Anyway, I just don't visit the Fractal site that often anymore, it reminds me of Amway over there. I will probably get the AX8 when my name comes up though, the products are top notch.


----------



## Guest (Feb 19, 2016)

pat6969 said:


> The waitlist was one reason for sure. I've also read some questionable things about Cliff and how he likes to downtalk everything that isn't Fractal. Just seems in poor taste.


My experience with Cliff, directly, is that he's honest about anything you talk to him about. That includes competitor's gear when it's both better and worse than his own company's offerings. That kind of directness isn't common or for everyone.

Back to Fractal gear: I've been using the AX8 at rehearsals for the past few weeks and I'm really falling in love with the switch setup on it. The ability to do X/Y switching on blocks with it is fantastic and incredibly powerful and I want a controller for my AFII now that does it as well.


----------



## pat6969 (Feb 4, 2013)

iaresee said:


> Back to Fractal gear: I've been using the AX8 at rehearsals for the past few weeks and I'm really falling in love with the switch setup on it. The ability to do X/Y switching on blocks with it is fantastic and incredibly powerful and I want a controller for my AFII now that does it as well.

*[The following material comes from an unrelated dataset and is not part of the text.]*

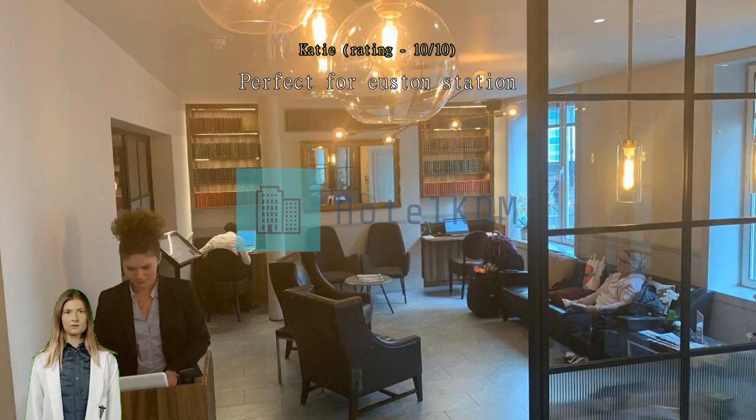Value for money. Convenient location. Very nice, clean and welcoming place. Staff very helpful, room clean and comfortable. Will use again.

That's good to know. I won't be replacing my Kemper any time soon but I'd sure like a decent floor based unit so I don't have to lug so much stuff around, the Helix didn't do it for me.


----------



## Stefano (Aug 31, 2009)

FWIW, I've been a fractal user since 2009, I've had both the AX8 along side my axefx2 for a few weeks and they sound very very close even though they are 2 different firmwares. Both sound fantastic. It took me a couple of weeks to reprogram my brain for the switches, I love the switch implimentation on the ax8.
The Ax8 will be used at gigs & rehearsals, the axe2 will stay in the crib.


----------



## hollowbody (Jan 15, 2008)

I've been thinking about converting to a Fractal unit for a couple of years now and now that I've taken a good, long look at the AX8, I'm pretty sure I'm going to pull the trigger on one this summer. I figure I can easily flip my pedalboard and pull out the cost of an AX8 and I'm just getting tired of lugging gear to and from rehearsals and shows. Can't wait to clear up enough room on my credit card to put myself on the waitlist!


----------



## Guest (Mar 1, 2016)

hollowbody said:


> I've been thinking about converting to a Fractal unit for a couple of years now and now that I've taken a good, long look at the AX8, I'm pretty sure I'm going to pull the trigger on one this summer. I figure I can easily flip my pedalboard and pull out the cost of an AX8 and I'm just getting tired of lugging gear to and from rehearsals and shows. Can't wait to clear up enough room on my credit card to put myself on the waitlist!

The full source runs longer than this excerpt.